Please output exactly the lines from the one that holds "this 1024×768 image." through the final line of the data, and nothing else; leave out any pictures.

> Saved entries
=== Section Start ===
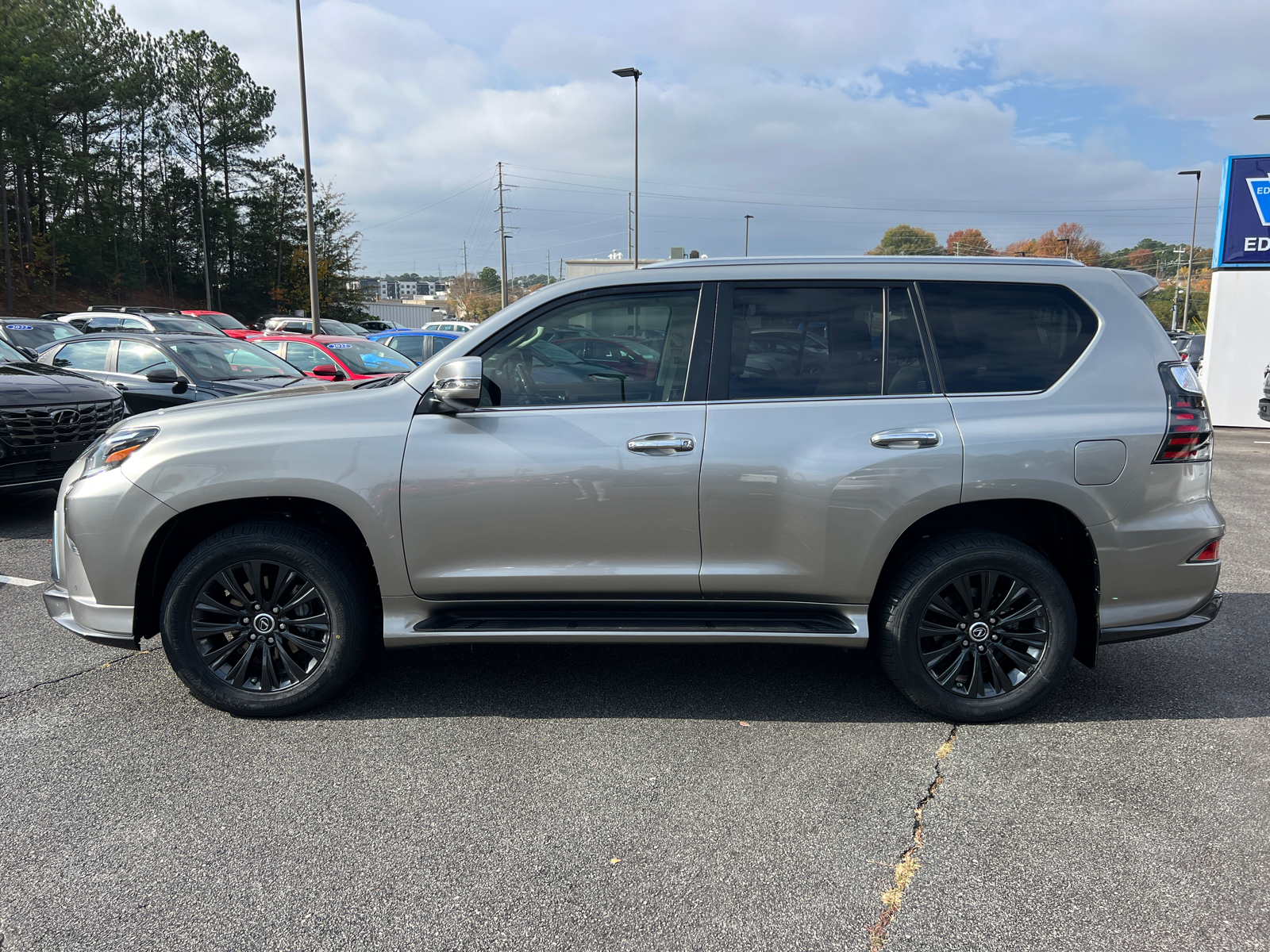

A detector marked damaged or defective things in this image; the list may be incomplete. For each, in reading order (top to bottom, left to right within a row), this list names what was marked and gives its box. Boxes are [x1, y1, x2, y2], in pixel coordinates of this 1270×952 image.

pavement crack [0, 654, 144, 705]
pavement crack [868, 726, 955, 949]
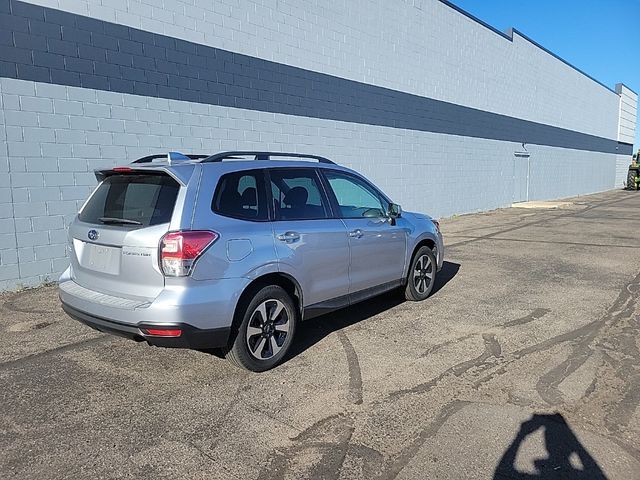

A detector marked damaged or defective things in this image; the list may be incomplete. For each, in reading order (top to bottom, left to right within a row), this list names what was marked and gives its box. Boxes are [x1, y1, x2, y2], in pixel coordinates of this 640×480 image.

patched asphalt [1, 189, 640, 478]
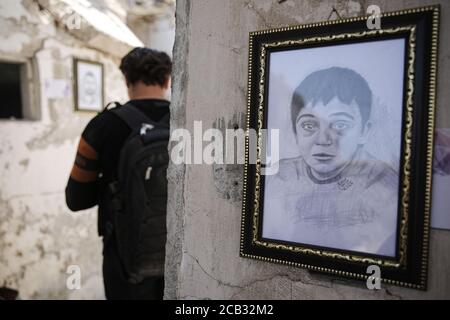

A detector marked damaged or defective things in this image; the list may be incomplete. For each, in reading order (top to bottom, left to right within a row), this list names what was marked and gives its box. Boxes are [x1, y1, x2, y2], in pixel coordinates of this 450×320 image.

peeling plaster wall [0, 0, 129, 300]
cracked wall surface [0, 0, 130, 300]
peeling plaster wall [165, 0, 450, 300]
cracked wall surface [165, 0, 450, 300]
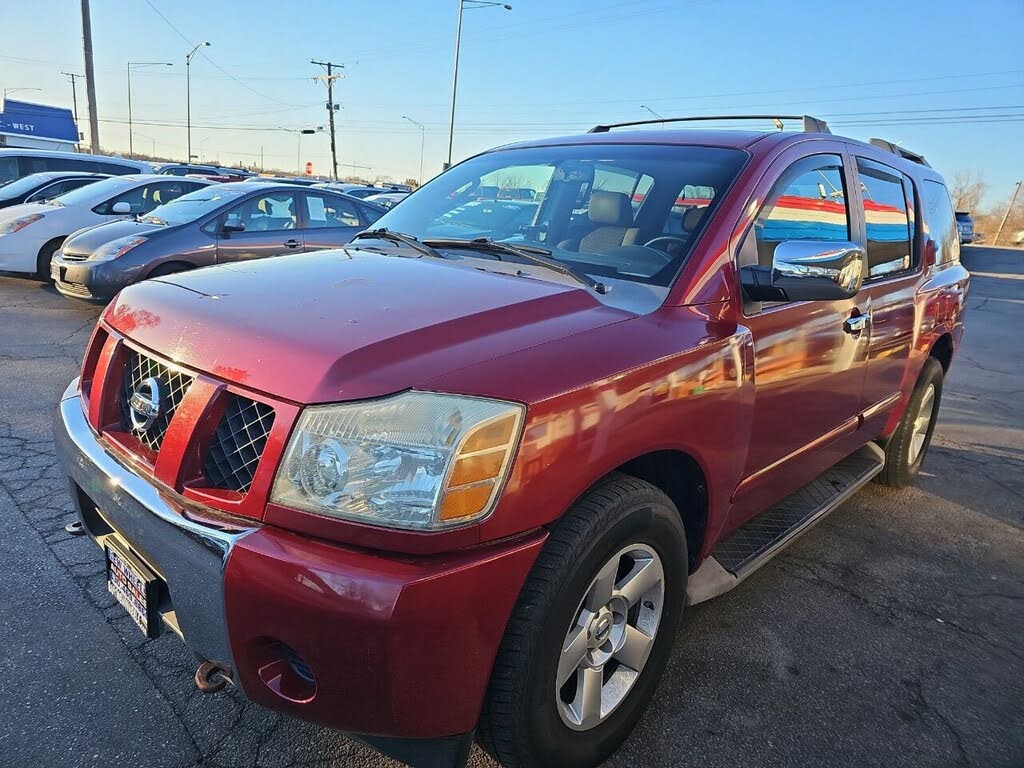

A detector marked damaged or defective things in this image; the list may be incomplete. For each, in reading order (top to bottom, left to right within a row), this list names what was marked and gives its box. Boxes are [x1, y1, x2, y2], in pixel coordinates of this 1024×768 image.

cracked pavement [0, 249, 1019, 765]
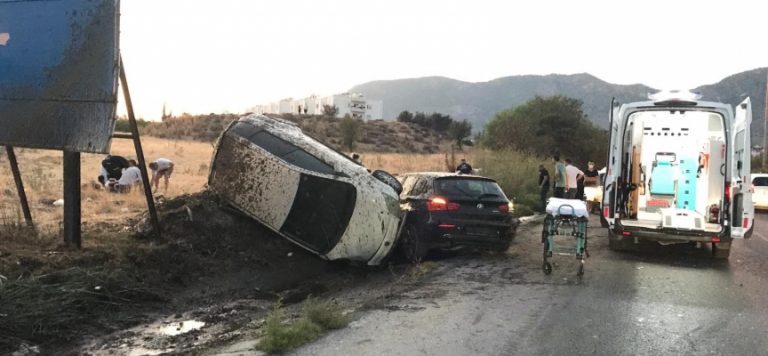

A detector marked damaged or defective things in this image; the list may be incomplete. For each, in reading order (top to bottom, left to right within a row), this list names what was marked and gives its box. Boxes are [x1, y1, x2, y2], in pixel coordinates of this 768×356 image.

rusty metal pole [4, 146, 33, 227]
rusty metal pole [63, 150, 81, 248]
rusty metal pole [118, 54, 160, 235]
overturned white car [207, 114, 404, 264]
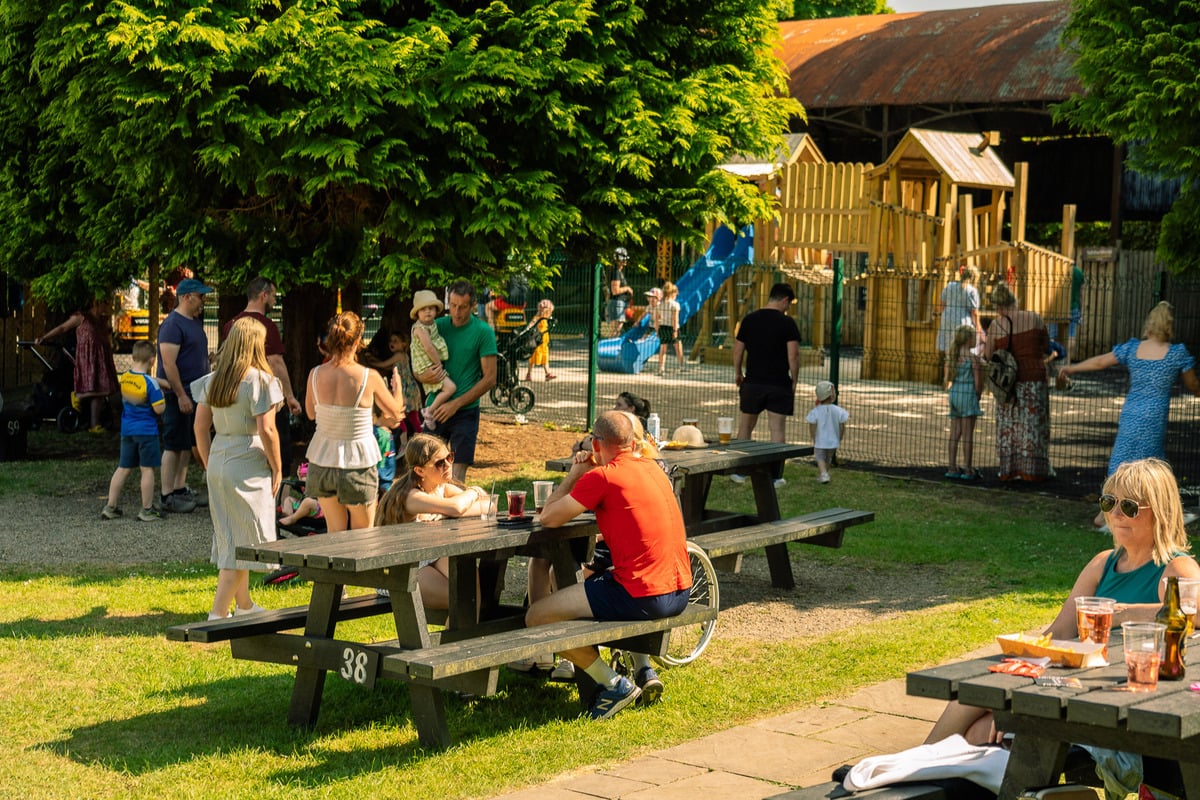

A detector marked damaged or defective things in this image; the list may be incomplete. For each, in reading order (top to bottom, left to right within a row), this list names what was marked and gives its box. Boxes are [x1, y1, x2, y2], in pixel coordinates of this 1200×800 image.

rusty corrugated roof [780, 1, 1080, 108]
=== Section End ===
> Expected answer
A detector marked damaged or defective things in this image; the list may be incomplete. For each, in reading order (top to bottom, left to right within a row), this list names what was marked and gives its box. Boxes are [x1, y1, x2, y2], in pixel coordinates of this 1024×768 image.

cracked pavement [0, 249, 1019, 765]

A detector marked damaged or defective things in this image; the list may be incomplete. For each, in reading order (top to bottom, left to right within a row), this list names what was marked and gives its box. Boxes are [x1, y1, x2, y2], in pixel coordinates of this 768×356 image.

rusty metal pole [4, 146, 33, 227]
rusty metal pole [63, 150, 81, 248]
rusty metal pole [118, 54, 160, 235]
overturned white car [207, 114, 404, 264]

A detector marked damaged or defective things in this image; the list may be incomplete. For each, in reading order (top to bottom, left to right within a row), this list names what was marked and gives its box. Boxes are [x1, y1, x2, y2], in pixel coordinates of this 1200×800 image.

rusty corrugated roof [780, 1, 1080, 108]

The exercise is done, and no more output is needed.